In 1899, while examining Edouard Manet’s Jeune femme voilée at the home of the collector Charles Deudon (1832–1914), Pierre-Auguste Renoir alluded to an “ugly veiled woman” without identifying her (letter dated February 5, 1899 to Paul Durand-Ruel). Renoir did not recognized his close friend Berthe Morisot, who had passed away three years earlier. Yet in 1883 this portrait, which was still in Manet’s studio at the time of his death, was recorded by the auctioneers Chevallier and Lesueur and the dealer Paul Durand-Ruel as “Made Morisot femme voilée” (Estate inventory of Edouard Manet, Étude de Maître Cotelle, Archives Nationales).

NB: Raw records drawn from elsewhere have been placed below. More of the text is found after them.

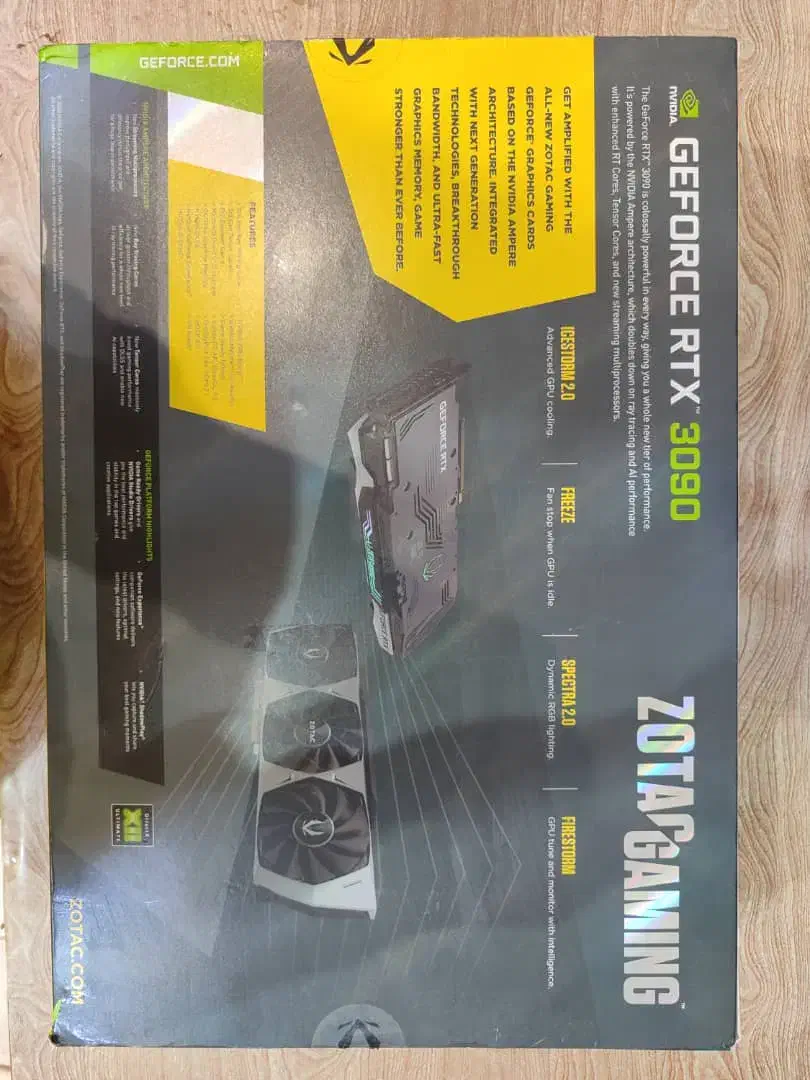 کارت گرافیک 3090 zotac trinity|قطعات و لوازم جانبی رایانه|اراک, |دیوار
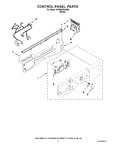 Diagram for 03 - Control Panel Parts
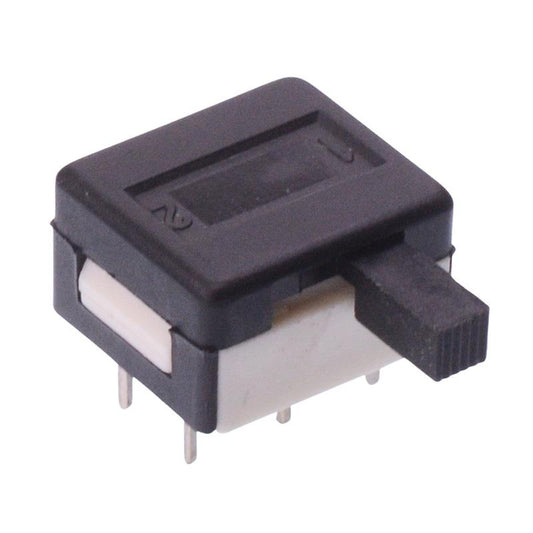25546NA6 APEM On-On Professional Horizontal PCB Slide Switch Long Actuator DPDT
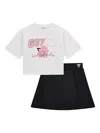 Guess Logo-print Skirt (set Of Two) In Burgundy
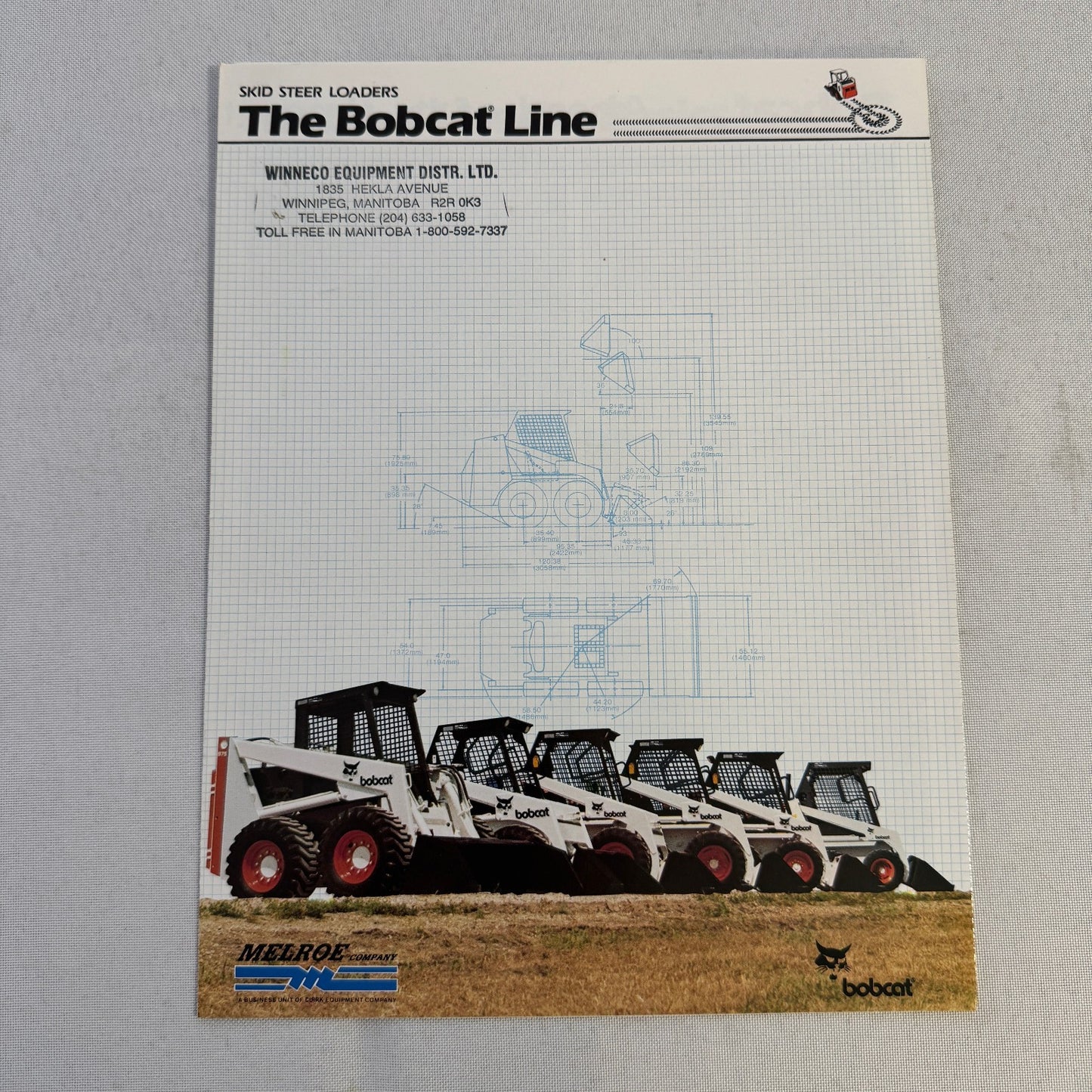 Vintage Equipment Brochure Lot Farm Construction Trailer Tractor Caterpillar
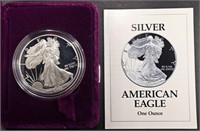 1993-P PROOF AMERICAN SILVER EAGLE OGP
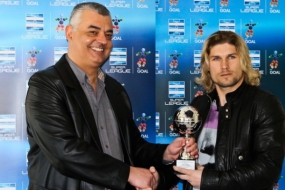 Βράβευση Μάριο Μπρέσκα BEST GOAL ΟΠΑΠ 25ης αγωνιστικής1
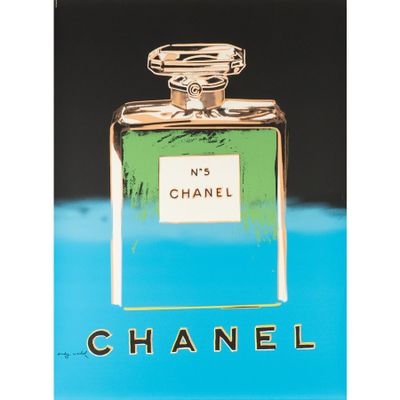'Chanel' [Bleu] Sérigraphie d'affiches ornementales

At the sale of the content of Manet’s studio (Paris, Drouot, February 4–5, 1884), the Jeune femme voilée (n°30 in the catalogue) had become anonymous, a precaution deemed necessary to prevent Morisot from becoming the object of the painting’s bidding. The auction house’s cataloguer used the same discretion by withholding the names of other models whose portraits were to be sold on February 4 and 5.
Lacking the appeal that a painted visage can entice, the veiled woman did not pique the interest of its viewers, and was omitted by the sale’s commentators. The painting was sold for 240 francs to Charles Deudon, a rather mediocre price in light of the 1,250 francs Deudon paid for a pastel representing the gracious profile of a young woman he later gave to his cousin (Denis Rouart et Daniel Wildenstein, Édouard Manet. Catalogue raisonné, tome II: Pastels, aquarelles et dessins (Paris-Lausanne: La Bibliothèque des arts, 1975), n° 19). Manet’s Jeune femme voilée however remained in the collection of Charles Deudon until his death in spite of Paul Durand-Ruel’s multiple attempts to purchase some of the collector’s masterpieces. Durand-Ruel even sent Renoir to meet Deudon in his home in Nice, who he described as “not willing to sell anything despite attractive offers” (Renoir’s letter to Paul Durand-Ruel, March 20, 1899). Deudon’s collection was eventually bought in 1919 by the Parisian dealer Paul Rosenberg.
In Portrait de Berthe Morisot à l’éventail, Manet also rendered the identification of his model difficult. Instead of the gauze and lace of a veil, Manet used the crescent shape of a fan to obscure the young woman’s features.